部屋に戻り夕食作りを続けようとしたら黄瀬にソファーに座らせられる。


「なんで教えてくれなかったんスか」

「……教える必要あった?黄瀬君は誰でも良かったんでしょ?あ、面倒だと思ってるなら、結婚の話は無かった事に、」

「今更、無かった事になんて出来ねーよ」

「え」

学校で黄瀬に迫られた時と同じような低い声にドキリと心臓が跳ねるが、手首を掴まれてしまい逃げられない。

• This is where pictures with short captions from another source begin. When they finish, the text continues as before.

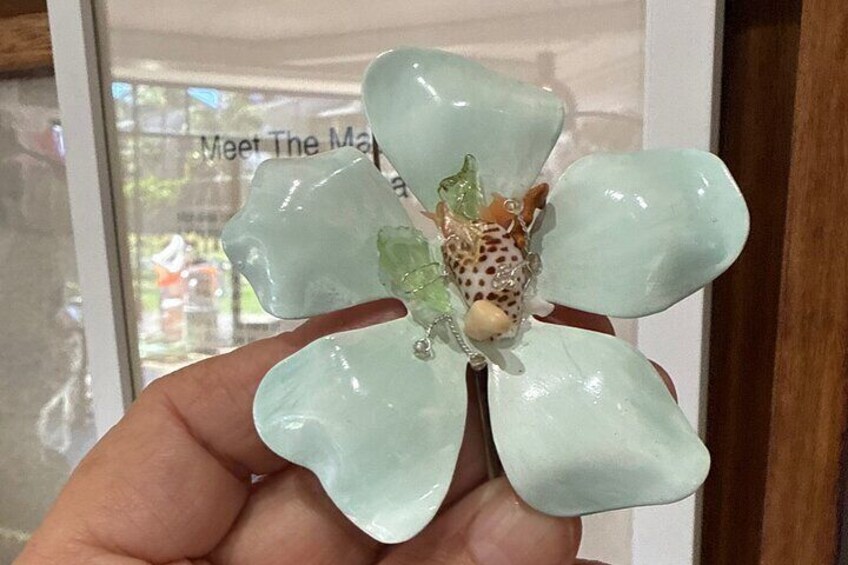 Een hand houdt een lichtgroene orchidee met een puntpatroon. 3
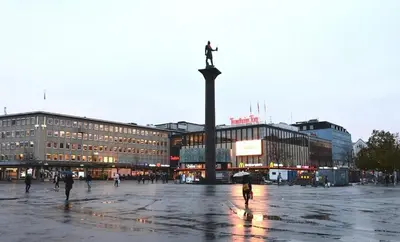 a city square with a statue of a cross on a pole at Delicate Central Apartment Trondheim in Trondheim
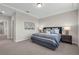 Comfortable bedroom with a plush bed, soft lighting, and neutral tones creating a relaxing and inviting space at 4827 Lacewing Dr, Winter Garden, FL 34787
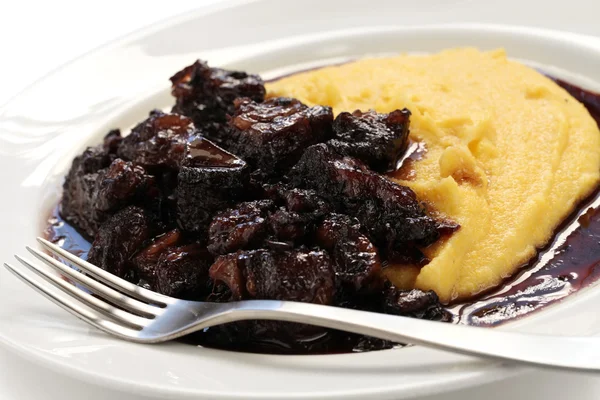 Beef stew with polenta — Stock Photo, Image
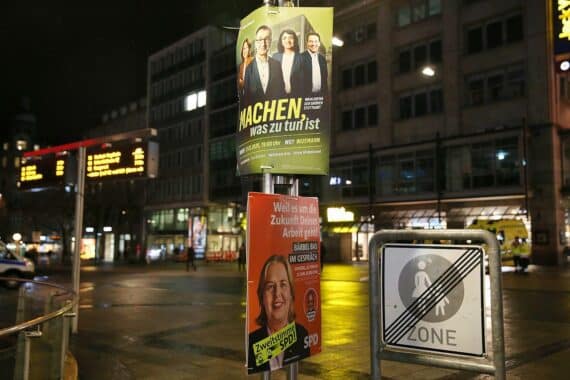 Wahlplakate zur Landtagswahl in Baden-Württemberg, umgeben von Symbolen russischer Einflussnahme und Manipulation.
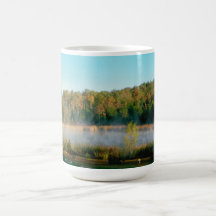 coffee mug with mist on a pond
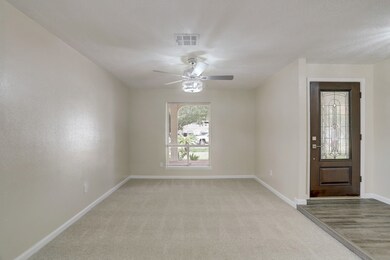 Living room with new carpet and new ceiling fan. Front door is also new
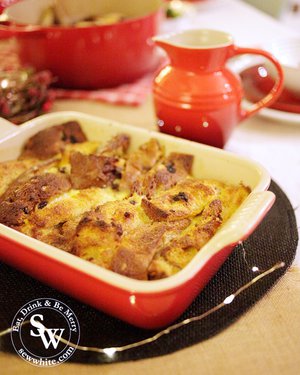 Fresh from the oven is the Christmas Panettone Bread and Butter Pudding in a red earthenware LE Creuset rectangular dish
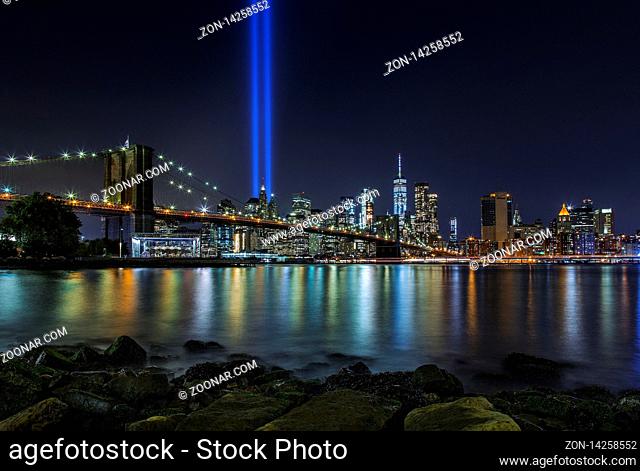 9/11 Tribute in Lights at Brooklyn Bridge and Lower Manhattan Skyline, New York United States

「それに面倒だなんて思ってねーし。ここ出て、行くとこあんの?」

長期で居候させて貰える友人は一応居るが、あの母親が怒鳴り込んで来るのを思えば迷惑をかけるので、躊躇してしまい力なく頭を左右に振っていた。


「でも……黄瀬君にも迷惑かけちゃったし、」

「あんなん、迷惑って程じゃない。ぶっちゃけもっと酷い修羅場にあったことあるし」

「……」

絶対に女関係だなと思ったが今は言わない方が賢明だろう。


「私……いてもいいの?」

「いいっスよ、もちろん。オレの奥さんなんだから。でも、ちゃんと話して欲しい、花音さんの事。あと……二人の時は名前で呼んで、欲しい」

「ん……解った」

珍しく黄瀬が照れたように前髪をかき上げながら言うので、ちょっと意外でまじまじと見ていた。


「なんスか」

「涼太君、なんか可愛いから」

「可愛いなんて言われても嬉しくねーし」

「あ、赤くなってる、可愛い」

「花音さん、唇を塞いで欲しいんスか?」

「すみませんでした。私、ご飯作ってきます」

「遠慮しなくても、痛っ!」

「だから、そういうのナシだって言ったでしょ?」

「……けち」

早くお風呂に行けと背中を押すと渋々ながらにバスルームに歩き出す。
今夜はオニオングラタンスープつくるよ、と告げるとマジっスか!と嬉しそうに笑う黄瀬に花音は癒されていた。